BMW has temporarily halted its £600 million investment plan aimed at producing electric Mini cars at its Oxford plant, raising concerns about the future of the historic facility as the transition from petrol vehicles progresses more slowly than anticipated. This decision adds to a series of setbacks for the UK automotive sector, following plant closures by companies like Honda, Ford, and Jaguar Land Rover over the past ten years. In November, Stellantis cited UK electric vehicle sales targets as the reason for its decision to close its van factory in Luton, putting approximately 1,100 jobs at risk.
The German automaker stated, “Given the multiple uncertainties facing the automotive industry, the BMW group is currently reviewing the timing for reintroducing battery-electric Mini production in Oxford.”
Automobile manufacturers have been urging the UK government to relax its electric vehicle targets, which mandate that a certain percentage of each company’s annual sales must be zero-emission vehicles. These targets are set to increase from 28 percent this year to 80 percent by 2030, with companies facing fines of £15,000 for each non-compliant vehicle.

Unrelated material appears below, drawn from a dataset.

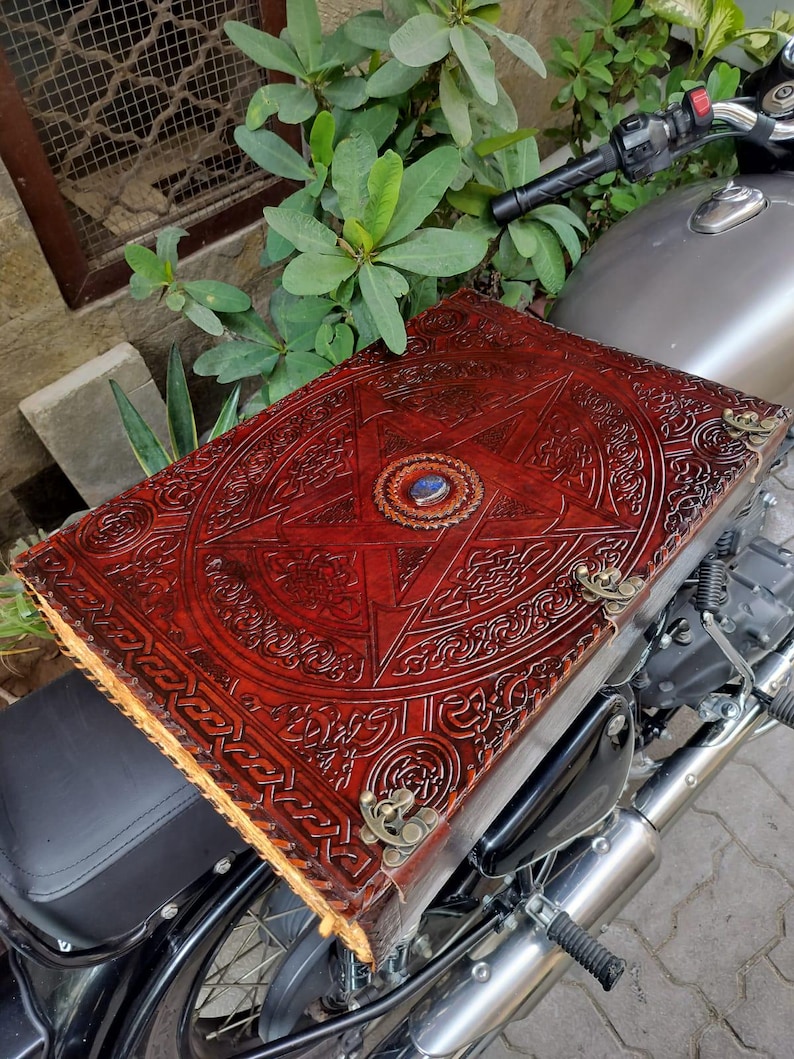 May include: A large, red leather-bound book with intricate embossed designs, including a central star and circular emblem. The book features brass corner accents and a blue gemstone. The book is resting on a motorcycle seat.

While sales of electric vehicles (EVs) are on the rise in the UK, they remain below the official targets, leading carmakers like Nissan to caution that UK jobs could be jeopardized unless the government adjusts its EV sales policies.
According to the original plan announced in 2023, BMW had intended to produce two new electric models, the three-door Mini Cooper and the smaller Mini Aceman, at the Cowley site. This move was expected to provide a lifeline to the plant by reducing its dependence on petrol cars, which the German company aims to phase out by 2030.
These two models, developed in collaboration with China’s Great Wall Motor, are currently manufactured in China and sold in the European Union. Consequently, they have been affected by higher tariffs imposed by Brussels on Chinese EV imports in October.
The Society of Motor Manufacturers and Traders reported a 1.3 percent decline in new Mini car registrations in the UK last year, totaling 46,975 vehicles. Meanwhile, data from Schmidt Automotive Research indicated a 4.9 percent increase in 2024 registrations of electric Mini cars in western Europe, including the UK, reaching 36,932 vehicles.
The UK government recently concluded its fast-track consultation with the automotive industry, seeking ways to enhance flexibility within the scheme to allow manufacturers more leeway. The Department for Transport stated, “We recognise the global challenges car manufacturers face and have listened to their concerns … while also protecting jobs.”
Following the consultation’s completion, Ford UK boss Lisa Brankin called for purchase incentives and additional government support, warning that the “adoption of electric vehicles isn’t happening fast enough.” The American company announced 800 job cuts in the UK last year, citing slower than expected EV sales.